Sebelumnya, aku sudah punya buku dengan judul “The True Power Of Water” karya dari Masaru Emoto, hasil pemberian dari seorang sahabat yang sangat baik. “Ada apa dengan Emoto, sehingga lahir buku tandingannya itu?” Pikir ku saat itu. (Meskipun buku ini cetakan pertamanya sudah 3 tahun nan lalu, tapi aku baru mendapatkannya)
Sesuai dengan judulnya yang bertolak belakang dengan judul buku Masaru Emoto, dalam buku itu di kupas berbagai hal dengan dilengkapi sumber-sumber dari tokoh-tokoh yang refresentatif, untuk membantah temuan dari “Sang Nabi Air” (begitu, Penulis buku itu menyebut Masaru Emoto)

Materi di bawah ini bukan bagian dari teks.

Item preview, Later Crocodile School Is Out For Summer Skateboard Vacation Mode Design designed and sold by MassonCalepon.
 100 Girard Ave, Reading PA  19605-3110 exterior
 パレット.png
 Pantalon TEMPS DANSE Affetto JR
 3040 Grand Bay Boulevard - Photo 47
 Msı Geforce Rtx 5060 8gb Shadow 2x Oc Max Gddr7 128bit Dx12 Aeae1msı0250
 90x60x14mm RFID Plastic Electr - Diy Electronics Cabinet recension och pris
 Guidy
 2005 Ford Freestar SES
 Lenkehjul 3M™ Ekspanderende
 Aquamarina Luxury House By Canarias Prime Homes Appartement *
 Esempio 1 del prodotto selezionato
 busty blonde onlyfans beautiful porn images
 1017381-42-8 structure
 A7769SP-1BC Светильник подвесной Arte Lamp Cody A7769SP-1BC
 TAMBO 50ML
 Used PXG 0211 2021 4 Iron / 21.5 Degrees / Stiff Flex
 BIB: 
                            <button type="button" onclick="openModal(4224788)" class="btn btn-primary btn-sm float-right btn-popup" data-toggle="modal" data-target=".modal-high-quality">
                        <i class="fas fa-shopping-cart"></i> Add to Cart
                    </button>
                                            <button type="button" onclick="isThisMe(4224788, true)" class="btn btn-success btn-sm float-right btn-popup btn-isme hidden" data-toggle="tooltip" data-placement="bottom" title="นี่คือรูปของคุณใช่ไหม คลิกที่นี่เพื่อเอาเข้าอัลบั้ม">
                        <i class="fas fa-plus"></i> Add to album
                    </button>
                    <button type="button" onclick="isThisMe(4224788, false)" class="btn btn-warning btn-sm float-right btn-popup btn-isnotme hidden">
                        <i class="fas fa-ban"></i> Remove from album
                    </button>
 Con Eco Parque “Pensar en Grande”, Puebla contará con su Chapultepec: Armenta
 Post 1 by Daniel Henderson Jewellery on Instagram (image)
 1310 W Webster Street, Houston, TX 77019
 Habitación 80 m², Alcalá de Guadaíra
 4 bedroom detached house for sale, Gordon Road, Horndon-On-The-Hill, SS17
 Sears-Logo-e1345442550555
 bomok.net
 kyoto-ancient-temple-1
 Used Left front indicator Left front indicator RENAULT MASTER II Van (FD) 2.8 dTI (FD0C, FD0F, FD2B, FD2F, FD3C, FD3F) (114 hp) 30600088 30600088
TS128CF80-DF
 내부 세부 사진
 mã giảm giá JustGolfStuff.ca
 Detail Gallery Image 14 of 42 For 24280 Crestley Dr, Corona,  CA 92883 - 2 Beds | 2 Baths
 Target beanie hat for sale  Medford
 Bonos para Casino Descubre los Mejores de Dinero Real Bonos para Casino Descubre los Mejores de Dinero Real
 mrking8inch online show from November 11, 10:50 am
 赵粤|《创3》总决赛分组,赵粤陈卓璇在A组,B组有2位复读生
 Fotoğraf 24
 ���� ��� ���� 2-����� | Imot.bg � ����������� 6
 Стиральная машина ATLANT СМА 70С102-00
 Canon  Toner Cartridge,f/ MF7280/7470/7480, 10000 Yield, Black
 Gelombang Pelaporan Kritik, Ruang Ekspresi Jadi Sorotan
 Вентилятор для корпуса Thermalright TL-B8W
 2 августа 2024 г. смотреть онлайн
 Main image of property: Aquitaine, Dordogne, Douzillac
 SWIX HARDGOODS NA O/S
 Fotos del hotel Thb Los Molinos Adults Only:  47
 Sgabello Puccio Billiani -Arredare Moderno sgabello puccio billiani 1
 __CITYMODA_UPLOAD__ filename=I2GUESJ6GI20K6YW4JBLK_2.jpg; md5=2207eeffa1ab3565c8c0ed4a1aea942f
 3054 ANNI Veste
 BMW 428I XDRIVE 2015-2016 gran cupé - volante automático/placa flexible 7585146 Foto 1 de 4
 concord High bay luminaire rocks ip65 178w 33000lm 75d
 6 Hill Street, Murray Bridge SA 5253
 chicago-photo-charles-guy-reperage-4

Penyusun buku “The Untrue Power Of Water” itu mengupas habis seputar metodologi penelitian yang dilakukan oleh “Sang Nabi Air,” juga rujukan-rujukan yang digunakan oleh Emoto. Tidak ketinggalan, dalam salah satu BAB nya, BAB 1 “Sang Pembawa Pesan”, penyusun menuliskan latar belakang pendidikan Emoto, yang membuwat Emoto memperoleh gelar Doktor.
Di Bab-Bab selanjutnya, Penyusun membeberkan kesalahan-kesalahan yang dilakukan oleh Emoto dalam melakukan penelitian, yang kemudian melahirkan buku Best Seller, seputar kekuatan Air. Berbagai pendapat dari tokoh, dikemukakan oleh Yoroshii Haryadi dan Azaki Karni dalam bukunya yang cetakan pertamanya pada Mei 2007 itu. Salah satu yang dipertanyakan penyusun Buku dengan jumlah Bab sebanyak 8 Bab itu, diantaranya (dengan mengutip pendapat dari James Randi, pendiri Hames Randi Education Foundation’s Million Dollar Challenge) bahwa “Emoto sungguh Ilmuwan Gadungan (Pseudoscience). Emoto mungkin sangat percaya bahwa yang sedang dia lakukan adalah suatu ilmu pengetahuan. Tetapi sebenarnya tidak. Emoto tidak melalui prosedur double-blind. Yaitu, sebagai peneliti, dia mengetahui mana air yang dipapar dengan kata indah dan mana yang dimaki dengan kata makian. Sehingga penelitiannya menjadi subyektif”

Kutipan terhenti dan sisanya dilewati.